## WHAT TO WORK ON:
Show all lines from the listing below that contain "Shirt".

## MATERIAL FOR THE TASK:
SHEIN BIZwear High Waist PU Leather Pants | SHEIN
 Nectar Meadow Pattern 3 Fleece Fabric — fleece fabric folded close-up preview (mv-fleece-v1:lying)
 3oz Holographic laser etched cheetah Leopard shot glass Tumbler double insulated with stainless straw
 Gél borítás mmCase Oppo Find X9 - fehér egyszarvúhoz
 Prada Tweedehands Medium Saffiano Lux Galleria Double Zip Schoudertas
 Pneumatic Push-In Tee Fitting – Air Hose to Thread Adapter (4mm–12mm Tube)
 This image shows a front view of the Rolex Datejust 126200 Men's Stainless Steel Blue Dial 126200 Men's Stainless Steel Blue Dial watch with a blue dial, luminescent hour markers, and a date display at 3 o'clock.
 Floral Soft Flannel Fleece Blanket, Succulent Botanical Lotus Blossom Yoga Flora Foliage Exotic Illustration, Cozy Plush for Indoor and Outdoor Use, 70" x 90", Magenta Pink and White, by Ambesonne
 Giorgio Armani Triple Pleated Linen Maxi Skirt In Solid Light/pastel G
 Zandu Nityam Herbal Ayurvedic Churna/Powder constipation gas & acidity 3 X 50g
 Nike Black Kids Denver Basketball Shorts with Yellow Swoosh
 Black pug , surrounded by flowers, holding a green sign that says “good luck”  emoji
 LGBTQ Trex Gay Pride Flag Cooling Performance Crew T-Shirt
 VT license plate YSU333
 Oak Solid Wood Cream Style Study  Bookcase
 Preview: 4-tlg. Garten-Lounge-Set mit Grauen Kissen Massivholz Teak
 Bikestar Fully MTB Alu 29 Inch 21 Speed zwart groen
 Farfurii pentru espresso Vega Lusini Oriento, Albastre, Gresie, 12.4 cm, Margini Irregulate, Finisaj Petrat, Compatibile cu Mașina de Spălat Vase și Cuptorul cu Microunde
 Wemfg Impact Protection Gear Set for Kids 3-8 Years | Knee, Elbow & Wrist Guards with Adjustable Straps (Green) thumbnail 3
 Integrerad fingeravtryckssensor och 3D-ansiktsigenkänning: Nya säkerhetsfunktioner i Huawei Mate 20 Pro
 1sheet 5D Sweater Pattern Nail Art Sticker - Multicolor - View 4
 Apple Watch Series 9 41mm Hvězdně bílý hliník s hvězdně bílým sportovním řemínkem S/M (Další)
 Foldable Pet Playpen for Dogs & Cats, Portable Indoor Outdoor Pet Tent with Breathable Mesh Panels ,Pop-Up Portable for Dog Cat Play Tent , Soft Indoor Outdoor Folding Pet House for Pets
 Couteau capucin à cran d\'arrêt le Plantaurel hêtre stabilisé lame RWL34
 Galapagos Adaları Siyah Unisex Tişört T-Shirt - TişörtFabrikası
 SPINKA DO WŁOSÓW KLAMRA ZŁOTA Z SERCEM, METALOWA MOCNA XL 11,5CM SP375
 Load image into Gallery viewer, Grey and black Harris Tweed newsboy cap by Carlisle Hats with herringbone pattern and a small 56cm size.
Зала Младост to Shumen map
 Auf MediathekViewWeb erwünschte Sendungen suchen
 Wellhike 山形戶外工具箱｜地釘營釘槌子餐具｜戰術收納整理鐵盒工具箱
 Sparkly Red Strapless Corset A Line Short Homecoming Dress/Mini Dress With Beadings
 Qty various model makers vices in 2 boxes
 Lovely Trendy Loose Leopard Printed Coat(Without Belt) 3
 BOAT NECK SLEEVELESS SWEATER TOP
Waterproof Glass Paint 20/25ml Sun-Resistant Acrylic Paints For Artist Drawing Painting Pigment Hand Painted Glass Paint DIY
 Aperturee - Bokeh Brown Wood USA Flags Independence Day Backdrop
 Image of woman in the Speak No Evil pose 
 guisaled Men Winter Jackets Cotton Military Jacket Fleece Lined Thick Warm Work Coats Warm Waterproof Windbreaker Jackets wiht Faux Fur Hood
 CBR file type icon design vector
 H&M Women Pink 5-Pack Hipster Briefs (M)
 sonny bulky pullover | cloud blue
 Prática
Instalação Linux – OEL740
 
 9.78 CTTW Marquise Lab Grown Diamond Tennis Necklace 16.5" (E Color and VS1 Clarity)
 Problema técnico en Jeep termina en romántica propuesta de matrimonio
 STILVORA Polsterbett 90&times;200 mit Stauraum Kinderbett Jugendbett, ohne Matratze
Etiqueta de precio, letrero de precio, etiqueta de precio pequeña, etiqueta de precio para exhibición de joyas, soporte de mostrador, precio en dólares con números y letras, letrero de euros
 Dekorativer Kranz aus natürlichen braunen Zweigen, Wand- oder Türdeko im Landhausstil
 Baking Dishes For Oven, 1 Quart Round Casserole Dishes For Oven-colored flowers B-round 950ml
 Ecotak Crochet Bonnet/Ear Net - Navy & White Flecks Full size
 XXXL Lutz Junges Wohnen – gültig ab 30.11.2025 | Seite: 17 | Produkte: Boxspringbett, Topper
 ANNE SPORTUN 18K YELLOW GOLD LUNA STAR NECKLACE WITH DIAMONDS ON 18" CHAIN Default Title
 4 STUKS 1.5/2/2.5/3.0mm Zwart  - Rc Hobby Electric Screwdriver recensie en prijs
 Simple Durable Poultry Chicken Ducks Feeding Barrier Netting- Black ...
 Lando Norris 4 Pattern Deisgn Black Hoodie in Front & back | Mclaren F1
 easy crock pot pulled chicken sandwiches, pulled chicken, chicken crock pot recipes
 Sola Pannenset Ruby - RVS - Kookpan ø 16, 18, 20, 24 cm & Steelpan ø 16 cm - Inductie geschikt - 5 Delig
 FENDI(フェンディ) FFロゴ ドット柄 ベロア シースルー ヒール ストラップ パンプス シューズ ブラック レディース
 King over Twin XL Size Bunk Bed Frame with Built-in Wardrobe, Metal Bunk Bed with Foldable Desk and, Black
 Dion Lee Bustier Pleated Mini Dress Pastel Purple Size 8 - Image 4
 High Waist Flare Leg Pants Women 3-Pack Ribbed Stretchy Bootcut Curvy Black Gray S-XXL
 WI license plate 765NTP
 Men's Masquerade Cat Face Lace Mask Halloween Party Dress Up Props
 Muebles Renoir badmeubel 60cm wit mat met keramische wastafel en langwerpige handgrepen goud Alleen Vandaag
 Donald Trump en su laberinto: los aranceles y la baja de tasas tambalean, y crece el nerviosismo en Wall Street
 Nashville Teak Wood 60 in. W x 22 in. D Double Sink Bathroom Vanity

## WRITTEN ANSWER:
 LGBTQ Trex Gay Pride Flag Cooling Performance Crew T-Shirt
 Galapagos Adaları Siyah Unisex Tişört T-Shirt - TişörtFabrikası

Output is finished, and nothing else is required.